Provides a health check via `PING`. Does not add serialisation, key namespacing, or any
caching policy on top of the native client.
## Tier & Dependencies
**Tier 3 (infrastructure)** — depends on:
- `code.nochebuena.dev/go/health` (Tier 2)
- `code.nochebuena.dev/go/launcher` (Tier 2)
- `code.nochebuena.dev/go/logz` (Tier 1)
- `github.com/valkey-io/valkey-go` (native Valkey client)

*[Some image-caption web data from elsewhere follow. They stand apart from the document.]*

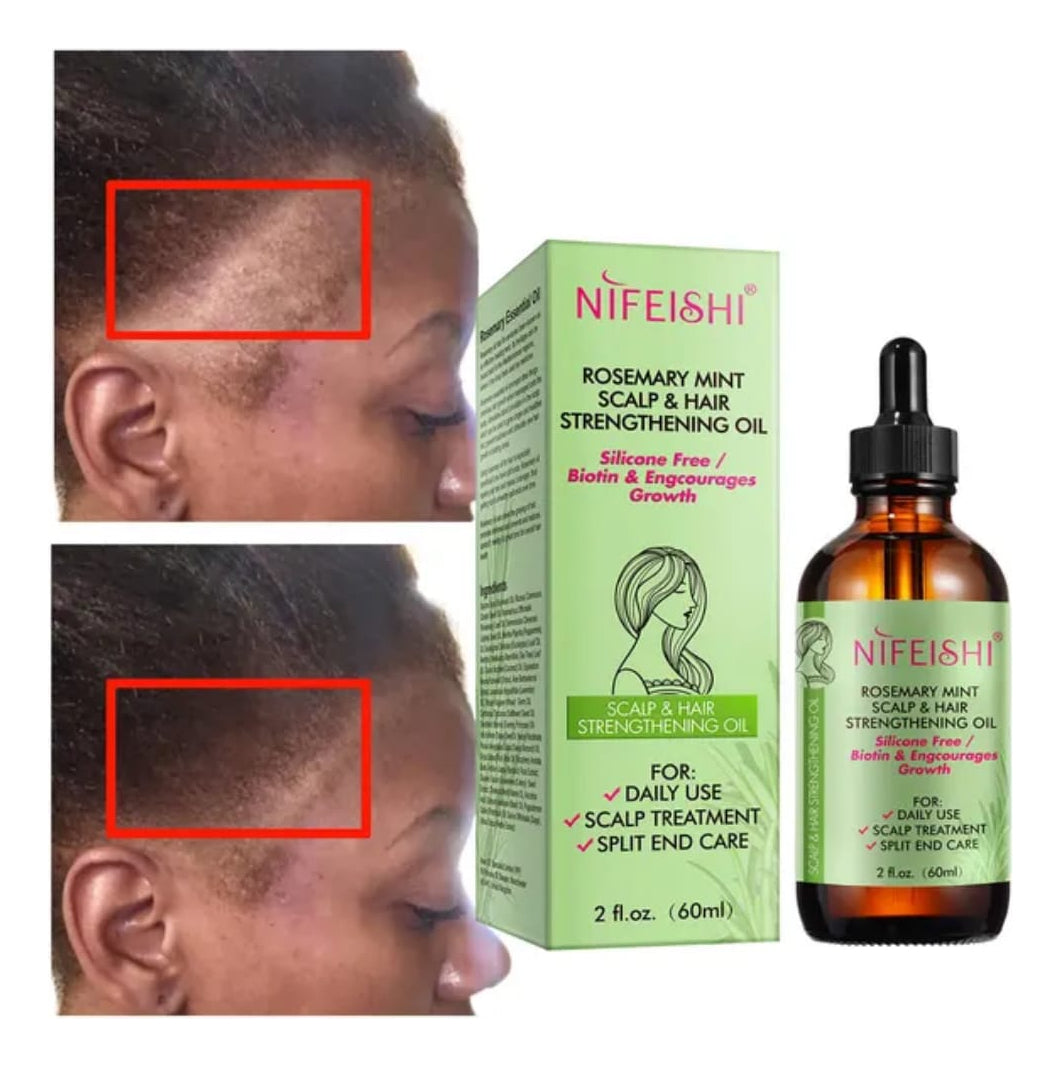 Aceite de Romero para Crecimiento Capilar | Fortalece Cabello + Estimula Pestañas | Nutrición Natural + Resultados Visibles | Kit 2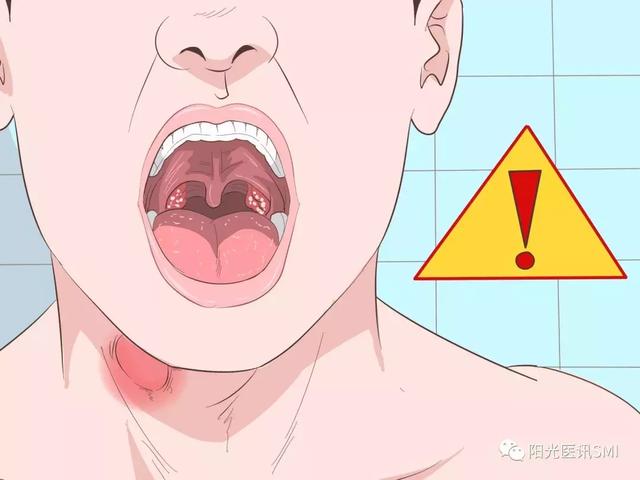 怎么分辨嗓子疼是什么原因引起的?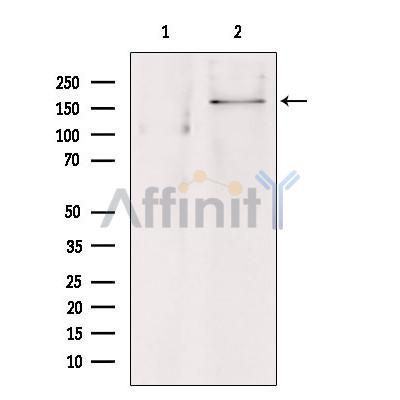 Western blot analysis of extracts from hepg2, using ABCC8 Antibody. Lane 1 was treated with the blocking peptide.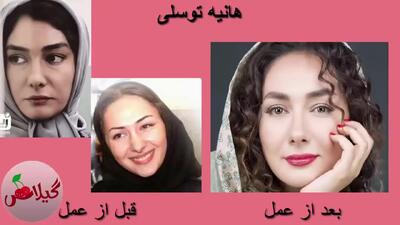  جراحی زیبایی بازیگران زن ایرانی؛ شکست یا موفقیت؟ (مقایسه تصویری)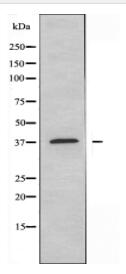 EIF3F Antibody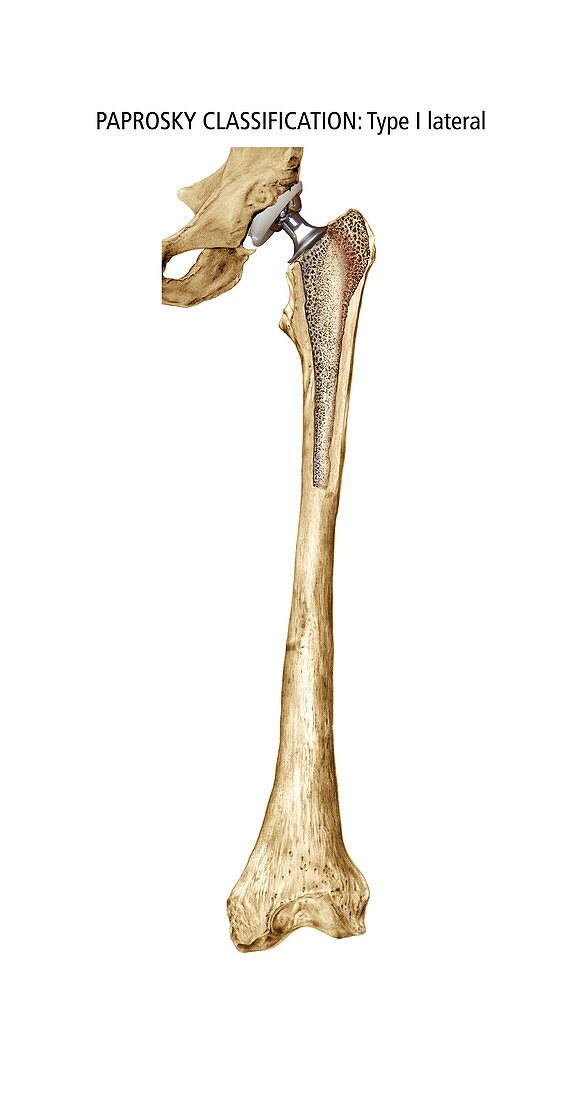 Paprosky femur defect,type I lateral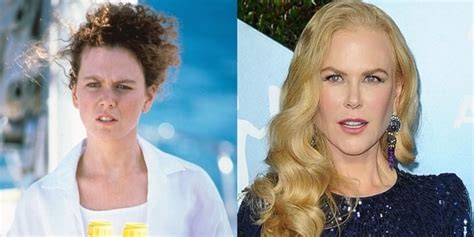 Nicole Kidman's Plastic Surgery Regret: See Her Frozen Face Before and ...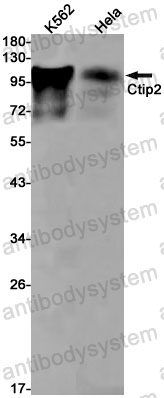 Anti-BCL11B Antibody (R2S33)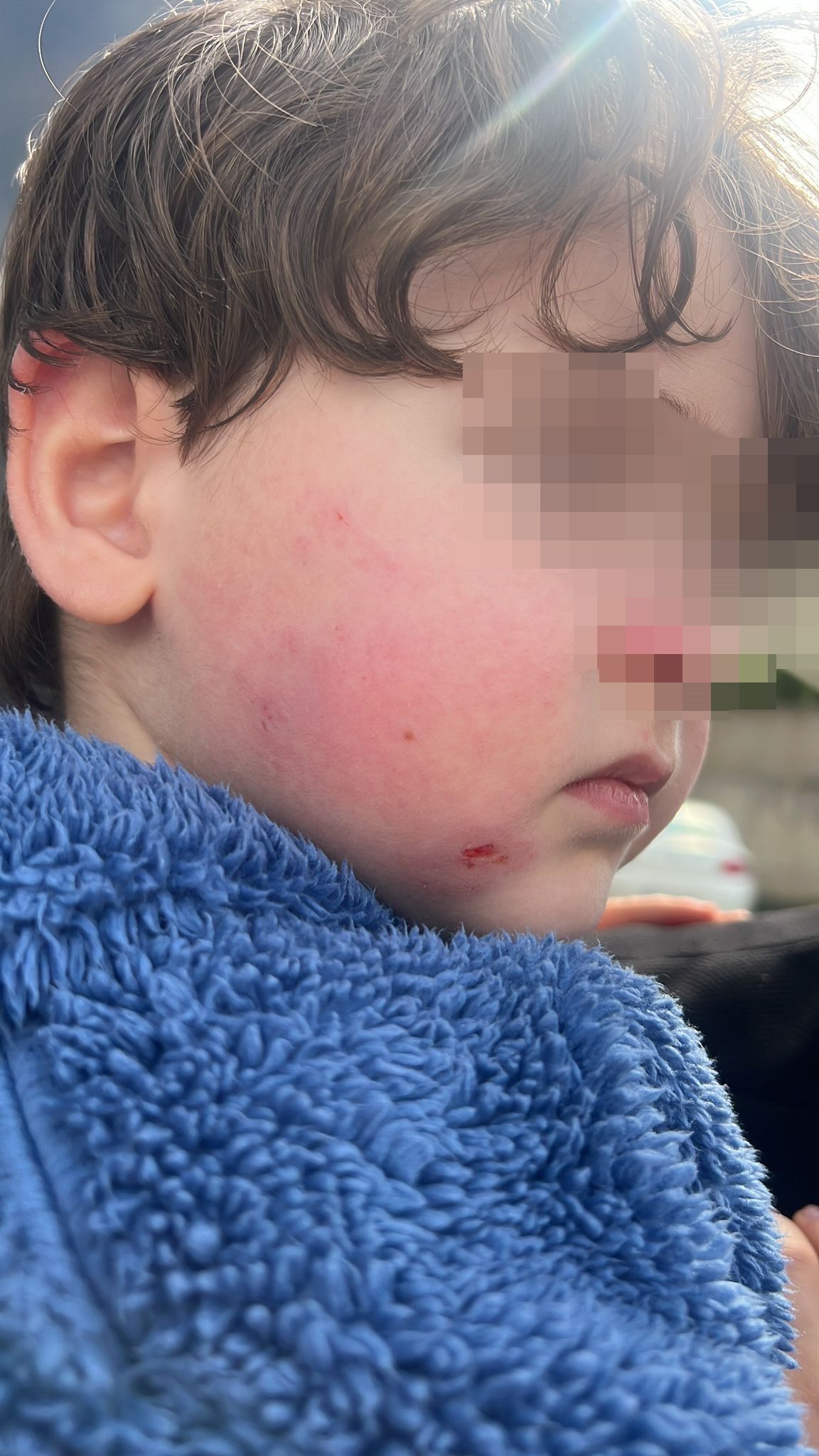 Kreşte Skandal Iddia Aile Çocuğunu Darp Edilmiş Halde Buldu (1)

Does **not** depend on `xerrors` — errors from the valkey-go client are returned as-is.
## Key Design Decisions
- **Native client exposure**: `Client() vk.Client` returns the native `valkey-go` client
directly. No wrapper, no re-exported command subset. Callers use the full valkey-go command
builder API. See ADR-001.
- **No serialisation helpers**: The module has no `SetJSON`, `GetJSON`, or similar helpers.
Callers marshal and unmarshal their own data. See ADR-002.
- **Health priority is Degraded**: `Priority()` returns `health.LevelDegraded`, not
`LevelCritical`. A Valkey outage degrades service but should not always halt it,
depending on whether the caller falls back to the primary datastore.
- **Optional client-side caching**: `Config.CacheSizeEachConn` (in MB) enables valkey-go's
built-in client-side cache. Setting it to 0 (the default) disables the cache entirely.
- **Duck-typed Logger**: The internal `logger` field is typed as `logz.Logger`, the shared
interface from the `logz` module (ADR-001 global pattern).
## Patterns
**Lifecycle registration:**
```go
vk := valkey.New(logger, cfg)
lc.Append(vk) // registers OnInit / OnStart / OnStop
```
**Accessing the client in a repository:**
```go
type cacheRepo struct {
provider valkey.Provider
}
func (r *cacheRepo) Get(ctx context.Context, key string) ([]byte, error) {
client := r.provider.Client()
result := client.Do(ctx, client.B().Get().Key(key).Build())
return result.AsBytes()
}
```
**Writing with TTL:**
```go
client := provider.Client()
cmd := client.B().Set().Key(key).Value(val).Ex(300).Build()
if err := client.Do(ctx, cmd).Error(); err != nil {
return err
}
```
**Health check registration:**
```go
health.Register(vkComponent) // satisfies health.Checkable via Name()/Priority()/HealthCheck()
```
## What to Avoid
- Do not add serialisation helpers to this module. Keep marshal/unmarshal in the caller or
in a separate cache repository layer.
- Do not define custom interfaces that re-export a subset of `vk.Client` methods here.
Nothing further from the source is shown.